Bringing the bike on board

I do some writing, video editing and website stuff for a travel agency and while I was in the Netherlands, I thought it would be a great idea to visit one of those boat and bike ships that would touch on Utrecht when I happened to be there. We suggested a brief tour on the ship for some photos but instead we were invited to stay and bike along for a few days.

I know several people in Ottawa who absolutely love the concept of a boat and bike (also known as boat and barge) tour so we decided to accept the offer and boarded “the Amsterdam” in Utrecht on a cool Wednesday in May.

While not going through this particular canal, the bike part of the boat and bike tour goes through downtown Utrecht.
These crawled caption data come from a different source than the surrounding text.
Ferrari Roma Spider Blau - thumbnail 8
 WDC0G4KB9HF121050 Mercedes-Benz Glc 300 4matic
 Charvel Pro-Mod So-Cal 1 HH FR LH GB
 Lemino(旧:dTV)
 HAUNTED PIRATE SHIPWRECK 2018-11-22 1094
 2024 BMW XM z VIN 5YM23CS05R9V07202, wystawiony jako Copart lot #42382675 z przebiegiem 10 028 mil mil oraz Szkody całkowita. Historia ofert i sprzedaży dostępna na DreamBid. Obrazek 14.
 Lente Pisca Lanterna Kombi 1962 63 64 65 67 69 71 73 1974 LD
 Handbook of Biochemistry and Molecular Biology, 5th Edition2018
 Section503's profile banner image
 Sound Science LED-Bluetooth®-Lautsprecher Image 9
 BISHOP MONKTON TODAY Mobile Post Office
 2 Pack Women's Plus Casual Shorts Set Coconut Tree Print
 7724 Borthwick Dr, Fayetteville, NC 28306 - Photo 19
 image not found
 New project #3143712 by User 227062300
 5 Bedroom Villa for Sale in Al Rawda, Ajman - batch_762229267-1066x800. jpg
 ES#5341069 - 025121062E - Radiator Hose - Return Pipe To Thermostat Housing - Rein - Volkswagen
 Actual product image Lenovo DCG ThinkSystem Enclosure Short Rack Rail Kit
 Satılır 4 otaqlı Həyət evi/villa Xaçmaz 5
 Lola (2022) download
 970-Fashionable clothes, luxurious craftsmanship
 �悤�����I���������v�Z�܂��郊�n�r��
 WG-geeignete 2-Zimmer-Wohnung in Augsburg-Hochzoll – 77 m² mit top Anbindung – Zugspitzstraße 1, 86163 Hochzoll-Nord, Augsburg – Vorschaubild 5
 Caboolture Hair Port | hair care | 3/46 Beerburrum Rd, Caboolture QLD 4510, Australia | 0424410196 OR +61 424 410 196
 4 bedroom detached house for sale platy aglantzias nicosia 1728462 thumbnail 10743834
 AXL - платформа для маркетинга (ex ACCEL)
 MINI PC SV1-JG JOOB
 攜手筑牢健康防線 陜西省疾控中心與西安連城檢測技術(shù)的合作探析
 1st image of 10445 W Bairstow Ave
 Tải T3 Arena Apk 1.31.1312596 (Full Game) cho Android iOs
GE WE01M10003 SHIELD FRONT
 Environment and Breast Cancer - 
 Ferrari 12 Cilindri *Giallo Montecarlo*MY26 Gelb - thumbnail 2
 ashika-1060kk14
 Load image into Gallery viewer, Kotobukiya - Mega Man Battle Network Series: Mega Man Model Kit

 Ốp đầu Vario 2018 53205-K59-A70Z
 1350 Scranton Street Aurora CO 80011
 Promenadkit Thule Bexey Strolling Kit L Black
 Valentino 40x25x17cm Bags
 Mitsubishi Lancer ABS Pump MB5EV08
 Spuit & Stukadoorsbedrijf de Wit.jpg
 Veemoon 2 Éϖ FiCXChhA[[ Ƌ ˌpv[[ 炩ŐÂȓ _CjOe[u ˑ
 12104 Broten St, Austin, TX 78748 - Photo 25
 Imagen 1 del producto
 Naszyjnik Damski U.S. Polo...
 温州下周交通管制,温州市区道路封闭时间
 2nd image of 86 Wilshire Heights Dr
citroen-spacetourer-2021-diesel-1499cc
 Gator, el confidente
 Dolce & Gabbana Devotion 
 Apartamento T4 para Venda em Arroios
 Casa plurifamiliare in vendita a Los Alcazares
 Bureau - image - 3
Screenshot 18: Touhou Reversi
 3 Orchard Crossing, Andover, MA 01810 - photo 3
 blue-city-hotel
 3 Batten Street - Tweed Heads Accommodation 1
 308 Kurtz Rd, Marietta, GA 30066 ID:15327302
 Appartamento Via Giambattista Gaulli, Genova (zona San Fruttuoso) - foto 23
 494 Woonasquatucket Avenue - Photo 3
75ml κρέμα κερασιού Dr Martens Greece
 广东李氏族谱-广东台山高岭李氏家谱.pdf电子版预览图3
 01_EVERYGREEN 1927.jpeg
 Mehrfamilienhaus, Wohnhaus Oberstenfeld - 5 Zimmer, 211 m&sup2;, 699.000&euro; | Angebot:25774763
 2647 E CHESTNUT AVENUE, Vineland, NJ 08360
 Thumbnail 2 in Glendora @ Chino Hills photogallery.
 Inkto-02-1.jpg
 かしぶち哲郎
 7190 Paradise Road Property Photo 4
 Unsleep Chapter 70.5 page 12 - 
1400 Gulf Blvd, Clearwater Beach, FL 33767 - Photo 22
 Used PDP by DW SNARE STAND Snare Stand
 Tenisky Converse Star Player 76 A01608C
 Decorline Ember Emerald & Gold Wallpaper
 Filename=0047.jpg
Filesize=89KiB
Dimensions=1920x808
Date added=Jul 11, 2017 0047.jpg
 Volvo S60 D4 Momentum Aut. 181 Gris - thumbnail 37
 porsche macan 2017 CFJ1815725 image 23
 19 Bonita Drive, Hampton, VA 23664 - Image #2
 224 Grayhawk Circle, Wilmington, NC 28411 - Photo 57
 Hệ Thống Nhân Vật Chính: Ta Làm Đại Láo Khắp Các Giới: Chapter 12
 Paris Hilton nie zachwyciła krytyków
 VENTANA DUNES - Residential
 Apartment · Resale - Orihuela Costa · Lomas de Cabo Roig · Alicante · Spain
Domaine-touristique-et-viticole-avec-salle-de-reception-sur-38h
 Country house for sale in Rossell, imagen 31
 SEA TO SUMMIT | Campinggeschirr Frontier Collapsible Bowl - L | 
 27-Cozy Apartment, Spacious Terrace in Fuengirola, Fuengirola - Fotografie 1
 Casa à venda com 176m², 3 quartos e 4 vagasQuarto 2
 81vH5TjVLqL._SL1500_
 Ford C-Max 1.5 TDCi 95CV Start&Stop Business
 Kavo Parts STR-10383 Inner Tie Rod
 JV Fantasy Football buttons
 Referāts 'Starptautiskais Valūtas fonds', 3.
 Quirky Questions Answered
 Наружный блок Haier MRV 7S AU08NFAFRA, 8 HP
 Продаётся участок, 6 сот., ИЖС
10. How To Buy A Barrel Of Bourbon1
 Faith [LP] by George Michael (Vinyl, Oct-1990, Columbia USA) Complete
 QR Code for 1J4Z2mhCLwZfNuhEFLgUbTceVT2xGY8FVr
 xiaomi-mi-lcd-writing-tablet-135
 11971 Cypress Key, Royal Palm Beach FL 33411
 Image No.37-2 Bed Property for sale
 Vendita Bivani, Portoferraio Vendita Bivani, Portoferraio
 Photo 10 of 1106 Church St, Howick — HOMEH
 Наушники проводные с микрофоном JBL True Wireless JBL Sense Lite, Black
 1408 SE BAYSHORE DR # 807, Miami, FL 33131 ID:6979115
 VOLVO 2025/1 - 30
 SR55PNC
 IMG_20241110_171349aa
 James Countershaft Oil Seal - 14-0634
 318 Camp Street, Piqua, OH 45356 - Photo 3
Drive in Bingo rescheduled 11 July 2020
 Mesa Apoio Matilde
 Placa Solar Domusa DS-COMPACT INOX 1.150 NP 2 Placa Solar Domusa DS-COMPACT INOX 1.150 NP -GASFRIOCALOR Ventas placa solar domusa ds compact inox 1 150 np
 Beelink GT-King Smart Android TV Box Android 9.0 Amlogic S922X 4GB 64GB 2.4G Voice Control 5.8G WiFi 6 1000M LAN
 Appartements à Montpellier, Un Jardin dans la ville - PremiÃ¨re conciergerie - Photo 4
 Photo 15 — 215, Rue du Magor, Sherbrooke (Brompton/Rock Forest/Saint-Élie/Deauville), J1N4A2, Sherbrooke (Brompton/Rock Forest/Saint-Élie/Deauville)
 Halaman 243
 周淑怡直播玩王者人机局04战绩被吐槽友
The ship is way too large for these canals and waits for you at the Amsterdam – Rijn canal, a 20 minute bike ride from downtown, passing the train station and the colourful Lombok area.

But what is a boat and bike tour?

Basically, you book a week on a river boat, which can be a small boat for 20 people or a much larger river cruise ship with 120 passengers. You’ll find them all over Europe, with routes from Paris to Brugge, down the Danube from Germany all the way to Romania, on the Rhine in Germany or up several rivers in the eastern Netherlands to name but a few options. You’ll eat and sleep on the ship, which usually sails to the next destination the next morning while you bike to that destination. Other times, the ship moves a few hours in the afternoon and early evening.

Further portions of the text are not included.